Teslas egg of columbus exhibit


Source of the story

The Columbus story may have originated with Italian historian and traveler Girolamo Benzoni. In his book History of the New World, published in 1565, he wrote:

Columbus was dining with many Spanish nobles when one of them said: 'Sir Christopher, even if your lordship had not discovered the Indies, there would have been, here in Spain, which is a country abundant with great men knowledgeable in cosmography and literature, one who would have started a similar adventure with the same result.' Columbus did not respond to these words but asked for a whole egg to be brought to him. He placed it on the table and said: 'My lords, I will lay a wager with any of you that you are unable to make this egg stand on its end like I will do without any kind of help or aid.' They all tried without success and when the egg returned to Columbus, he tapped it gently on the table breaking it slightly and, with this, the egg stood on its end. All those present were confounded and understood what he meant: that once the feat has been done, anyone knows how to do it.

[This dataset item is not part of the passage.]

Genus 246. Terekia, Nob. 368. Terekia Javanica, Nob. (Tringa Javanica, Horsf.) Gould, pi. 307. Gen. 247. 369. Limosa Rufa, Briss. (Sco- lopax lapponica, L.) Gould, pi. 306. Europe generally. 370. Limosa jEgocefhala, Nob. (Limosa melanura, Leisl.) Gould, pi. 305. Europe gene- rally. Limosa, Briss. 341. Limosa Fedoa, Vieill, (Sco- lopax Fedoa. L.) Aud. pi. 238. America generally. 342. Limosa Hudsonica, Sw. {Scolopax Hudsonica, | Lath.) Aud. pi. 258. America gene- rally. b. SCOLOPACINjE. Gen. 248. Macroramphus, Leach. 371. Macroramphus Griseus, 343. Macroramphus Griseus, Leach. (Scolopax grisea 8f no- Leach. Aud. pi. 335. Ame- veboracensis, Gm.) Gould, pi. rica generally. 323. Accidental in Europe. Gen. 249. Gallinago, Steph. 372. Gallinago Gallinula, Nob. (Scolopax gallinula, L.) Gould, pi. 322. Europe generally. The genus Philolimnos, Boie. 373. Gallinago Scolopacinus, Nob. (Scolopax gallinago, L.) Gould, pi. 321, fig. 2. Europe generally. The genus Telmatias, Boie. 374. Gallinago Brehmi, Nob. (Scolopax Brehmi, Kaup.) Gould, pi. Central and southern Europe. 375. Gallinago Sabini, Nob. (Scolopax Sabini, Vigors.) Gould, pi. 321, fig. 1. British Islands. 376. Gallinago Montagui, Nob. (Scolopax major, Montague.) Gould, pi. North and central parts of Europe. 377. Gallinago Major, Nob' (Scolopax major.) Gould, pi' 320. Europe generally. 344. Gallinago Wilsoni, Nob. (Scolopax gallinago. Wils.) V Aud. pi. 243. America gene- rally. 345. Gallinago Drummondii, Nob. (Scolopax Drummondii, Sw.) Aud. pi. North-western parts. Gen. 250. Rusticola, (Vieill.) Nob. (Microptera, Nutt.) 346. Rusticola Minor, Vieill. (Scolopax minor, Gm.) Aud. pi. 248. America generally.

The factual accuracy of this story is called into question by its similarity to another tale published fifteen years earlier (while Benzoni was still traveling in the Americas) by painter and architect Giorgio Vasari. According to Vasari, the young Italian architect Filippo Brunelleschi had designed an unusually large and heavy dome for Santa Maria del Fiore, the cathedral (Duomo) in Florence, Italy. City officials had asked to see his model, but he refused, proposing instead:

That whosoever could make an egg stand upright on a flat piece of marble should build the cupola, since thus each man's intellect would be discerned. Taking an egg, therefore, all those Masters sought to make it stand upright, but not one could find a way. Whereupon Filippo, being told to make it stand, took it graciously, and, giving one end of it a blow on the flat piece of marble, made it stand upright. The craftsmen protested that they could have done the same; but Filippo answered, laughing, that they could also have raised the cupola, if they had seen the model or the design. And so it was resolved that he should be commissioned to carry out this work.

When the church was finally built it had the shape of half an egg slightly flattened at the top.

Mary Shelley mentions Columbus's egg in her Introduction to the Third Edition of Frankenstein, writing "In all matters of discovery and invention, even of those that appertain to the imagination, we are continually reminded of the story of Columbus and his egg. Invention consists in the capacity of seizing on the capabilities of a subject, and in the power of moulding and fashioning ideas suggested to it."

Adolf Hitler uses the metaphor is his autobiographical Mein Kampf, saying that "Columbus's eggs lie around by the hundreds of thousands, but Columbuses are met with less frequency".